The Fungus Zone Blog



The more I play Bokunatsu 2 the more I'm appreciating opaqueness as a game quality: the ways that a game deliberately hides the numbers and counters for checks and events.

Not every game can pull this off, and it can be just as equally frustrating as it is compelling, but there's something special going on here that really works well with the game and the story they're trying to tell. Boku, as a character, is still too young to understand the conversations and relationships that the adults around him have. He has to piece it together on his own, often only catching glimpses of other characters expressing their feelings. I feel like the game expresses this through its gameplay just as well as in its story.


Screenshot of the end of a beetle sumo match, after pulling off a move called LIVING BOMB for the win

A lot of this came from me focusing on the beetle sumo minigame in my playthrough.1 So far, I've managaed to clear the Weak ranks a few times and made progress on Strong, but there's so much to how it works that still escapes me. How are special attacks triggered? How much should bugs be touched before a match? What factor does size play? How do the different bugs match up against each other? Do losses affect a bug's motivation or trade value?

To get through this, I feel like the process is going to be: 1) Get a bug, 2) Train the bug, 3) Trade up for better bugs, 4) Repeat until you clear all ranks. New tips will get unlocked as I face off against new bugs or hit new milestones (like when your bug gets 10 wins). Other than that? I have no idea. That's part of the fun, though.

Screenshot of bottle cap item in Boku's inventory, with description: "This dino has a big meaty head. It probably gets better grades than I do."

There's a board game called City of Six Moons that's meant to feel like an artifact from another civilization. Everything is written in a fictional language, even the game's manual. Part of the fun is deciphering how to play, even if you misinterpret a rule or a symbol.

There's a lot of that in Boku. The opaqueness of the game's causal relationships puts everything on an even ground, so that watering plants could potentially carry as much narrative weight as talking to your aunt. Maybe winning beetle sumo will be the defining moment of Boku's summer. Maybe it'll just lead to a new screen with a place for him to sit down. Who knows? You engage with the world around you but you have no idea what the impacts and consequences of your actions will be until you experience it for yourself. Yet even when anything can be as equally meaningful as it can be meaningless, we can still take pleasure in all of life's moments as we experience them.

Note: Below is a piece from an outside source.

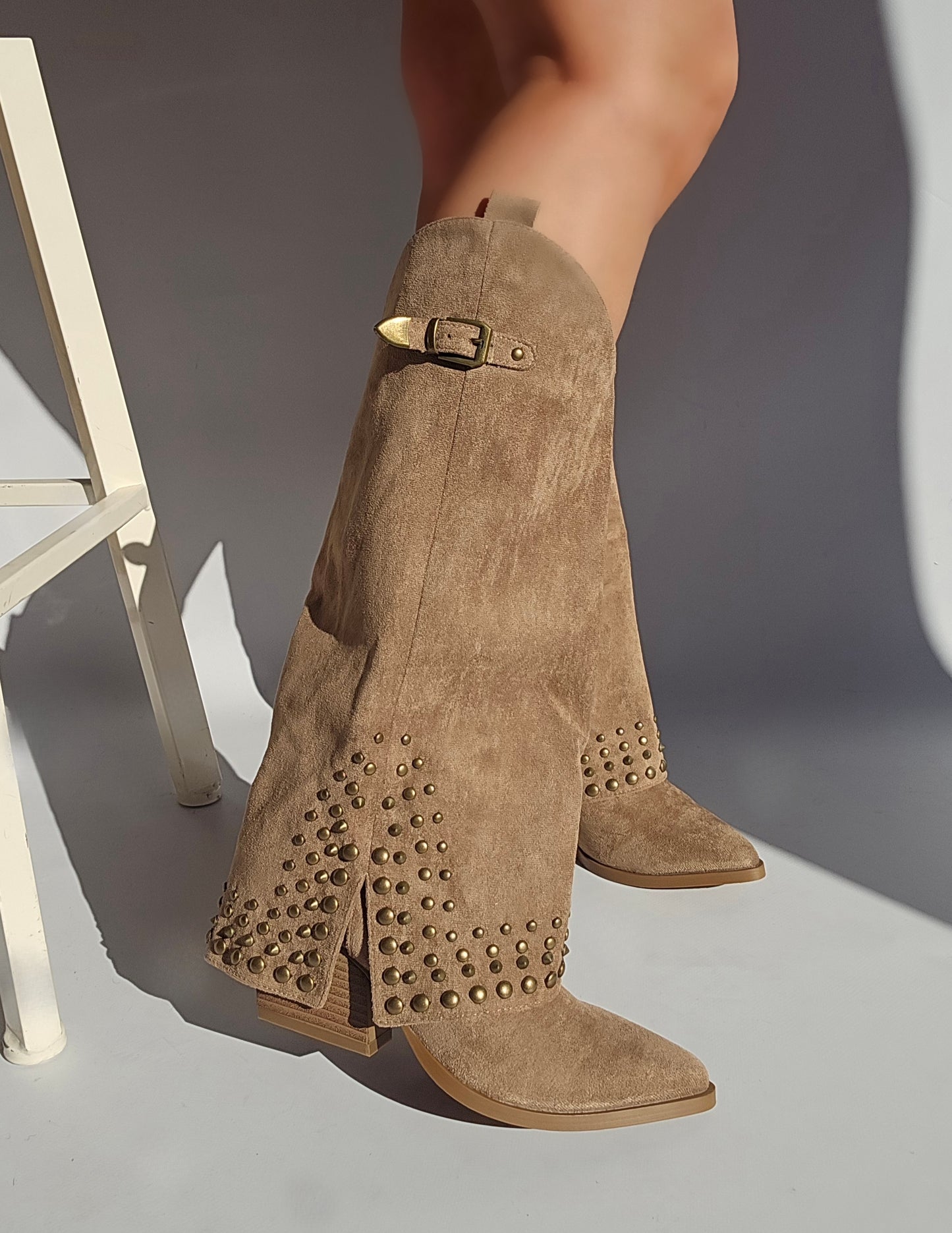 Cowboy boots Socks studded details suede Taupe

And damn, if that doesn't feel like growing up...

Screenshot of Simon saying to Boku, "I've fallen in love with this town and its people."


  1. I also started playing Natsu-Mon! 20th Century Summer Kid on my Steam deck, and just got overwhelmed by its adherence to, I'll call it, "open-world game best practices." I thought I'd be able to play these games concurrently but I'll probably have to wait until September to give myself time to properly switch gears.